CVINGER - Die jungen Slowenen fahren auf Platte einen sehr eigenen, spannenden Stil, der zwar ziemlich ballerig und technisch ist, der aber durch melodische Eigenwilligkeiten und vor allem den oft eingesetzten, asiatisch bis orthodox anmutenden klaren Obertongesang eine sehr mystische Note bekommt. Eine Zweite-Attila-Ära-Mayhem-Note kann man auch nicht verleugnen. Dazu ein noch nicht souveränes, aber durchaus passendes Auftreten auf der Bühne.
GEHENNA - Bekanntlich eine meiner langjährigen BM-Lieblingsbands, mehr noch als die beiden anderen Hauptacts. Dieses Mal waren Sanrabb & Co. deutlich motivierter und entspannter als bei der extrem schlecht besuchten Headliner-Tour im Mai, doch die geborene Liveband ist Gehenna tatsächlich nicht. Irgendwie bekommt Sanrabb nie so den richtigen Nexus zum Publikum. Außerdem würde ich mir etwas weniger Schwerpunkt der Setlist auf "WW" wünschen, und dafür eben ein paar Klassiker mehr vom ersten und zweiten Zauberspruch. "Angelwings" bei zwei Touren in Folge nicht zu spielen, finde ich schon ein bisschen doof. Das, was sie gespielt haben, war aber schon sehr cool und stimmungsvoll. Gerade die Sachen von "Unravel" mag ich sehr gerne.

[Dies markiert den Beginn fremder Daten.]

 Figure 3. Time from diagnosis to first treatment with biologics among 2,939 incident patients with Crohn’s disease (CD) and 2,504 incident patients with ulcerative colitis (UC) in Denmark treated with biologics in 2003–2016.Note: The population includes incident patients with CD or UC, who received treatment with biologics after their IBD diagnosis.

KAMPFAR - Gestern zum ersten Mal live gesehen, obwohl ich schon seit 1993 Fan der Band bzw. der Vorgängerband Mock bin. Endlich muss ich sagen, denn jetzt weiß ich, was ich bisher verpasst habe. Eine gigantische, mitreißende Liveband mit tollen Musikern und mit Dolk, einem Frontmann der Extraklasse, der wie kaum ein BM-Fronter mit dem Publikum interagiert, anfeuert, mitreißt, sich reinhängt. Auch hier eine tolle Setlist, doch auch hier mit Schwerpunkt auf neueren Sachen, erfreulicherweise jedoch mit einem Klassiker vom Mock-Demo. "Hymne" hätte ich gerne noch gehört. Shirtkauf war obligatorisch, zumal die Shirts super aussehen.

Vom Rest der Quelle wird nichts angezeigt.